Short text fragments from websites

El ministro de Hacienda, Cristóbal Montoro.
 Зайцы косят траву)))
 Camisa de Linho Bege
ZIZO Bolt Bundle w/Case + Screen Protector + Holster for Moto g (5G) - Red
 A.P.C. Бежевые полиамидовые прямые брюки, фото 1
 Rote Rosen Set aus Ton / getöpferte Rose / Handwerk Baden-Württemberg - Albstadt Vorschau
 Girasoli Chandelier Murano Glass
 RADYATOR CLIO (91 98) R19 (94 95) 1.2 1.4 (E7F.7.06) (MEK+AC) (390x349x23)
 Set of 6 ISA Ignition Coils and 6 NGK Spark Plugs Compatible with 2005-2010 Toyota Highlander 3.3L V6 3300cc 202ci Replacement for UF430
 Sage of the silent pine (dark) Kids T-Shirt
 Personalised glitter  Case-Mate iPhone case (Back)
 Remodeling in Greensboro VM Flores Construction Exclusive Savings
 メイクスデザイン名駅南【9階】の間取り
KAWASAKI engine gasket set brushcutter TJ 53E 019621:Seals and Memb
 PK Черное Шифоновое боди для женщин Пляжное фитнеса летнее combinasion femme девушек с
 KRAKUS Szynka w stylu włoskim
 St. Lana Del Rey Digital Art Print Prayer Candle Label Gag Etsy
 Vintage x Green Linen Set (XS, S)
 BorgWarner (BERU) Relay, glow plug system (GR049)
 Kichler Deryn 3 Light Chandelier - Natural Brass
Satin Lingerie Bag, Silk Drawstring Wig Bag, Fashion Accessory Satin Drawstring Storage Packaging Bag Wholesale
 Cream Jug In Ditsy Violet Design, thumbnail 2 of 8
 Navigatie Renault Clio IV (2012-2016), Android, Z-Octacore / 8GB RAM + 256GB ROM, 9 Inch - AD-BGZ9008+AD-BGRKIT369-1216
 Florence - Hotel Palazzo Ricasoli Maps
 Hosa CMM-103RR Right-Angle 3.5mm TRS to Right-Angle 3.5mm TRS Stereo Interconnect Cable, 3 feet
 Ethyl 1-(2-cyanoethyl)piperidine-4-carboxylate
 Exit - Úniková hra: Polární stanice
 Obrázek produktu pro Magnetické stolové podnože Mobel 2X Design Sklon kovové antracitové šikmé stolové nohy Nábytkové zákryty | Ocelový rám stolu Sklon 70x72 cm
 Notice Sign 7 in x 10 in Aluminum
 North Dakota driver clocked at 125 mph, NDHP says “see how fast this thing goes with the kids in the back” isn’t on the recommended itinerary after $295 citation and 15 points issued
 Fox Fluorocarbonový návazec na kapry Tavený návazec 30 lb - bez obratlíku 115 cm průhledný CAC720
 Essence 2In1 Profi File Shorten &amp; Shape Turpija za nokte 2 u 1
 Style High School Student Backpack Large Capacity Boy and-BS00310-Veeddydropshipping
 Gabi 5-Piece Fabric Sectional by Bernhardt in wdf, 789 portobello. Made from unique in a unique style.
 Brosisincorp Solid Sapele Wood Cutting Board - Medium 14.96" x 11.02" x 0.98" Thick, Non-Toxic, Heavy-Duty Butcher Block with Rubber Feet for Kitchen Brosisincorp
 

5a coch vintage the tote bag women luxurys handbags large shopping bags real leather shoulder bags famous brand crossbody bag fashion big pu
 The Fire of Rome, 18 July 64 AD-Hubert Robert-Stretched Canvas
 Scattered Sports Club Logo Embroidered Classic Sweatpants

WORK INSTRUCTIONS:
Give back exactly the lines from the one that contains "Kichler Deryn 3" to the end of the data above, both of those lines included.

RESPONSE TO THIS TASK:
 Kichler Deryn 3 Light Chandelier - Natural Brass
Satin Lingerie Bag, Silk Drawstring Wig Bag, Fashion Accessory Satin Drawstring Storage Packaging Bag Wholesale
 Cream Jug In Ditsy Violet Design, thumbnail 2 of 8
 Navigatie Renault Clio IV (2012-2016), Android, Z-Octacore / 8GB RAM + 256GB ROM, 9 Inch - AD-BGZ9008+AD-BGRKIT369-1216
 Florence - Hotel Palazzo Ricasoli Maps
 Hosa CMM-103RR Right-Angle 3.5mm TRS to Right-Angle 3.5mm TRS Stereo Interconnect Cable, 3 feet
 Ethyl 1-(2-cyanoethyl)piperidine-4-carboxylate
 Exit - Úniková hra: Polární stanice
 Obrázek produktu pro Magnetické stolové podnože Mobel 2X Design Sklon kovové antracitové šikmé stolové nohy Nábytkové zákryty | Ocelový rám stolu Sklon 70x72 cm
 Notice Sign 7 in x 10 in Aluminum
 North Dakota driver clocked at 125 mph, NDHP says “see how fast this thing goes with the kids in the back” isn’t on the recommended itinerary after $295 citation and 15 points issued
 Fox Fluorocarbonový návazec na kapry Tavený návazec 30 lb - bez obratlíku 115 cm průhledný CAC720
 Essence 2In1 Profi File Shorten &amp; Shape Turpija za nokte 2 u 1
 Style High School Student Backpack Large Capacity Boy and-BS00310-Veeddydropshipping
 Gabi 5-Piece Fabric Sectional by Bernhardt in wdf, 789 portobello. Made from unique in a unique style.
 Brosisincorp Solid Sapele Wood Cutting Board - Medium 14.96" x 11.02" x 0.98" Thick, Non-Toxic, Heavy-Duty Butcher Block with Rubber Feet for Kitchen Brosisincorp
 

5a coch vintage the tote bag women luxurys handbags large shopping bags real leather shoulder bags famous brand crossbody bag fashion big pu
 The Fire of Rome, 18 July 64 AD-Hubert Robert-Stretched Canvas
 Scattered Sports Club Logo Embroidered Classic Sweatpants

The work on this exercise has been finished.